→ PROBLEM STATEMENT
Please repeat the lines below exactly. Begin with the line containing "Camionetas - Ford" and go on through the line containing "Miele uscator TWF".

___ DATA PROVIDED ___

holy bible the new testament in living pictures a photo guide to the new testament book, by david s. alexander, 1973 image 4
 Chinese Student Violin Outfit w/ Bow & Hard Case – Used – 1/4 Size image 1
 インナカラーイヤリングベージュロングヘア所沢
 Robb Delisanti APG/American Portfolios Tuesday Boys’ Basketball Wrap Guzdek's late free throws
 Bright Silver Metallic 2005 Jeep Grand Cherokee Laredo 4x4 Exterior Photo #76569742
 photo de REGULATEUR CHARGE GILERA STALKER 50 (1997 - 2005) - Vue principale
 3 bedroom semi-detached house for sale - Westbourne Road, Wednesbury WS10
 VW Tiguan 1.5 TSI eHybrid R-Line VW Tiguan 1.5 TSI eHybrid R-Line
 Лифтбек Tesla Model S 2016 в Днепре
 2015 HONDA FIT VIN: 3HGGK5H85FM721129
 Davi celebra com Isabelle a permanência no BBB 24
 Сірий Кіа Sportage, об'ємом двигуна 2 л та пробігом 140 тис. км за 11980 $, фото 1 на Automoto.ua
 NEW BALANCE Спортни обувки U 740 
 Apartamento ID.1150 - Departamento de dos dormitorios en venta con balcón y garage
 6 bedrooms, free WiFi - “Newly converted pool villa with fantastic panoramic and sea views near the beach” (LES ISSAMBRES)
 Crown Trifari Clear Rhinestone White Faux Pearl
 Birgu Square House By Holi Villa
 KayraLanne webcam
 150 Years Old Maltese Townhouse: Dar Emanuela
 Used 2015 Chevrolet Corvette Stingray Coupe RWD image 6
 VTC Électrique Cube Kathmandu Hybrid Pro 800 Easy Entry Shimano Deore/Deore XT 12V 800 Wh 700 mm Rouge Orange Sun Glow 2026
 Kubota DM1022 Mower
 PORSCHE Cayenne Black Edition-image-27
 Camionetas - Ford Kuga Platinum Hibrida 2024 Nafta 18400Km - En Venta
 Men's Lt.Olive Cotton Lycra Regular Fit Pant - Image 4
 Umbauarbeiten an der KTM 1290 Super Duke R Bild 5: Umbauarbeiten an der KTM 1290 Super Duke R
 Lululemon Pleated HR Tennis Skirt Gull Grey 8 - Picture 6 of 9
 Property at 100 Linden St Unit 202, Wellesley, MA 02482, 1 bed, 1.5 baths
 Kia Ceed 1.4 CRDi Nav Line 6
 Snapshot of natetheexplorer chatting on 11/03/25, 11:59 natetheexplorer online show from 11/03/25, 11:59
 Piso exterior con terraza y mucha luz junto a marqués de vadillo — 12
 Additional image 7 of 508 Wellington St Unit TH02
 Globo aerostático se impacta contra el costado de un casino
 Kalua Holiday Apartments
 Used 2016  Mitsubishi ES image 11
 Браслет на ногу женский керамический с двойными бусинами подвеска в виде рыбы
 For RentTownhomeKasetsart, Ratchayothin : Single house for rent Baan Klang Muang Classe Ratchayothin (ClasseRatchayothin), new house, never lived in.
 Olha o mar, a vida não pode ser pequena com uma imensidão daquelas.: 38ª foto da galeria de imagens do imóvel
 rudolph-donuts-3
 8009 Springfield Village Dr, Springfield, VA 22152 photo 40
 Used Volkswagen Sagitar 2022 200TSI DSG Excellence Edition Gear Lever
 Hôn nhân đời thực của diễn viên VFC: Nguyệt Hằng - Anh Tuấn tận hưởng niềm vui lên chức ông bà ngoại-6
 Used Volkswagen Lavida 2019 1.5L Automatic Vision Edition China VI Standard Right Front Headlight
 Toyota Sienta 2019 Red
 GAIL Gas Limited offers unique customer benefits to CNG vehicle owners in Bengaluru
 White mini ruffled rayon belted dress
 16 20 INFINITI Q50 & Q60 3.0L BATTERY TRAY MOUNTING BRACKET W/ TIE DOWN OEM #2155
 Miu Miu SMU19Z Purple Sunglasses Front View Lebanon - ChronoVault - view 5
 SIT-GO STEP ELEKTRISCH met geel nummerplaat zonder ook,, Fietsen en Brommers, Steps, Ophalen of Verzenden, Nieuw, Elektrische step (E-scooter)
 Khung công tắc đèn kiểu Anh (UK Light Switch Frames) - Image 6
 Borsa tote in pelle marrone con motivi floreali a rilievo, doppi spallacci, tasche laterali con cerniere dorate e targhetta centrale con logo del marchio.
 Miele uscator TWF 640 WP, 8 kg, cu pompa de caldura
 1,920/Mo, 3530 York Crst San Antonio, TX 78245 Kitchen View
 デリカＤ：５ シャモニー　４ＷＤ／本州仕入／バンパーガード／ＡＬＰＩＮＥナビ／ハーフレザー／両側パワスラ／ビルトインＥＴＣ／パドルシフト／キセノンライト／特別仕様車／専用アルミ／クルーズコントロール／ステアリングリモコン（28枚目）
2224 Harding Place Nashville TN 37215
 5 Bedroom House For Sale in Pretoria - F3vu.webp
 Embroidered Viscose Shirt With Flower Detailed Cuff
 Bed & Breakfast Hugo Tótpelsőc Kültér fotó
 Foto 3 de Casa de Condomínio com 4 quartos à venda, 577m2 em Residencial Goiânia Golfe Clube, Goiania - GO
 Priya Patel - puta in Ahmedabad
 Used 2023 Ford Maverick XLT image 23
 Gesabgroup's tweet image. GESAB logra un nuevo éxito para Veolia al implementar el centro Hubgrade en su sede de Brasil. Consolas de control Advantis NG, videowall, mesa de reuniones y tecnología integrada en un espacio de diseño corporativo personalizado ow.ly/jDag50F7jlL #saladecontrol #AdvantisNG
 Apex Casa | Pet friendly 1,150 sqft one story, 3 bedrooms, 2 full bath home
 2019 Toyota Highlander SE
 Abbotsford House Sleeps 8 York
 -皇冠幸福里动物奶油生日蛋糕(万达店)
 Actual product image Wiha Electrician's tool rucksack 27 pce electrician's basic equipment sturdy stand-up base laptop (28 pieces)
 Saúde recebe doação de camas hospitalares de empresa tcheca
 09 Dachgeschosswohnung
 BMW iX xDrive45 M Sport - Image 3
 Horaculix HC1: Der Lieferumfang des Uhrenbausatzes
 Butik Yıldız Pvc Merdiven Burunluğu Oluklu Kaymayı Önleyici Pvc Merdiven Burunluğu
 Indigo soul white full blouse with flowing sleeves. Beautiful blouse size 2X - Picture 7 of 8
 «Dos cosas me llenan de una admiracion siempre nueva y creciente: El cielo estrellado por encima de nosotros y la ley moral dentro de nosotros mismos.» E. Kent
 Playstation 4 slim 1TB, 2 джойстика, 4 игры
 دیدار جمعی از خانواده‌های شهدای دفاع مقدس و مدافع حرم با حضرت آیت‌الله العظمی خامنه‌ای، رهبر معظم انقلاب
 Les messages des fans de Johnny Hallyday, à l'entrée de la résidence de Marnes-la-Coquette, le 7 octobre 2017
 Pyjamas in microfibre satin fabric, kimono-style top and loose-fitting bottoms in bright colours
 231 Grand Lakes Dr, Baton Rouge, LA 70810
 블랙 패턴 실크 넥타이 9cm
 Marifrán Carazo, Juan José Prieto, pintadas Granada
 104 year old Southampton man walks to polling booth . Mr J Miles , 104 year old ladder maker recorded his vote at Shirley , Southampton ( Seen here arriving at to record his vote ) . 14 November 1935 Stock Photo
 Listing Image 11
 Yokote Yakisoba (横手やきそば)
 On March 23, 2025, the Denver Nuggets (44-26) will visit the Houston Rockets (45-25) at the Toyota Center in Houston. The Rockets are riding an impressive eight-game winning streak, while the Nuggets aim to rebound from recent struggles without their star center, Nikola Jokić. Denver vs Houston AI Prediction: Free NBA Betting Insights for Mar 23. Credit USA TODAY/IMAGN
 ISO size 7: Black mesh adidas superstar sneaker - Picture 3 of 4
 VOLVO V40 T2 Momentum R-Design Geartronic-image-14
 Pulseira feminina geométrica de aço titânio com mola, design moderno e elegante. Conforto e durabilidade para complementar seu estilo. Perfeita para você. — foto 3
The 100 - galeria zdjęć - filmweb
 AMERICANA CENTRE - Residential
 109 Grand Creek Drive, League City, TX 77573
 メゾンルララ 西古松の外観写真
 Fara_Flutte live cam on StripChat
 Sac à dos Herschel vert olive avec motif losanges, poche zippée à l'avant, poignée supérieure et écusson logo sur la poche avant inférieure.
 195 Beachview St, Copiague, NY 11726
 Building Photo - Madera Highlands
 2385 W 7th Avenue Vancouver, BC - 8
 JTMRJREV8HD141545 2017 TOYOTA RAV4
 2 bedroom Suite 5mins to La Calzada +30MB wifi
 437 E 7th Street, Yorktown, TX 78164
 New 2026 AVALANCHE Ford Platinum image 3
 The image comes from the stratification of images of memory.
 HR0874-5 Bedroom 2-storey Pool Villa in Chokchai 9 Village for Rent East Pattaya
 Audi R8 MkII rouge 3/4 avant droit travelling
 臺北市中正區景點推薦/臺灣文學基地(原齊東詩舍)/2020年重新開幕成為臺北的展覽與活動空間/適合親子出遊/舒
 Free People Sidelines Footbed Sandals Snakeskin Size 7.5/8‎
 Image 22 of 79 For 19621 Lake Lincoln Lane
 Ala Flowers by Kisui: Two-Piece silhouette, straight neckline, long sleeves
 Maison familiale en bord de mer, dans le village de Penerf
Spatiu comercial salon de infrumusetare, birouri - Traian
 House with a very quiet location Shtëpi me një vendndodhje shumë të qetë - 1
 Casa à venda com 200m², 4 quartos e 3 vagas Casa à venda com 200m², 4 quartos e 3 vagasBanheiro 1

___

→ RESULT OF THE TASK
 Camionetas - Ford Kuga Platinum Hibrida 2024 Nafta 18400Km - En Venta
 Men's Lt.Olive Cotton Lycra Regular Fit Pant - Image 4
 Umbauarbeiten an der KTM 1290 Super Duke R Bild 5: Umbauarbeiten an der KTM 1290 Super Duke R
 Lululemon Pleated HR Tennis Skirt Gull Grey 8 - Picture 6 of 9
 Property at 100 Linden St Unit 202, Wellesley, MA 02482, 1 bed, 1.5 baths
 Kia Ceed 1.4 CRDi Nav Line 6
 Snapshot of natetheexplorer chatting on 11/03/25, 11:59 natetheexplorer online show from 11/03/25, 11:59
 Piso exterior con terraza y mucha luz junto a marqués de vadillo — 12
 Additional image 7 of 508 Wellington St Unit TH02
 Globo aerostático se impacta contra el costado de un casino
 Kalua Holiday Apartments
 Used 2016  Mitsubishi ES image 11
 Браслет на ногу женский керамический с двойными бусинами подвеска в виде рыбы
 For RentTownhomeKasetsart, Ratchayothin : Single house for rent Baan Klang Muang Classe Ratchayothin (ClasseRatchayothin), new house, never lived in.
 Olha o mar, a vida não pode ser pequena com uma imensidão daquelas.: 38ª foto da galeria de imagens do imóvel
 rudolph-donuts-3
 8009 Springfield Village Dr, Springfield, VA 22152 photo 40
 Used Volkswagen Sagitar 2022 200TSI DSG Excellence Edition Gear Lever
 Hôn nhân đời thực của diễn viên VFC: Nguyệt Hằng - Anh Tuấn tận hưởng niềm vui lên chức ông bà ngoại-6
 Used Volkswagen Lavida 2019 1.5L Automatic Vision Edition China VI Standard Right Front Headlight
 Toyota Sienta 2019 Red
 GAIL Gas Limited offers unique customer benefits to CNG vehicle owners in Bengaluru
 White mini ruffled rayon belted dress
 16 20 INFINITI Q50 & Q60 3.0L BATTERY TRAY MOUNTING BRACKET W/ TIE DOWN OEM #2155
 Miu Miu SMU19Z Purple Sunglasses Front View Lebanon - ChronoVault - view 5
 SIT-GO STEP ELEKTRISCH met geel nummerplaat zonder ook,, Fietsen en Brommers, Steps, Ophalen of Verzenden, Nieuw, Elektrische step (E-scooter)
 Khung công tắc đèn kiểu Anh (UK Light Switch Frames) - Image 6
 Borsa tote in pelle marrone con motivi floreali a rilievo, doppi spallacci, tasche laterali con cerniere dorate e targhetta centrale con logo del marchio.
 Miele uscator TWF 640 WP, 8 kg, cu pompa de caldura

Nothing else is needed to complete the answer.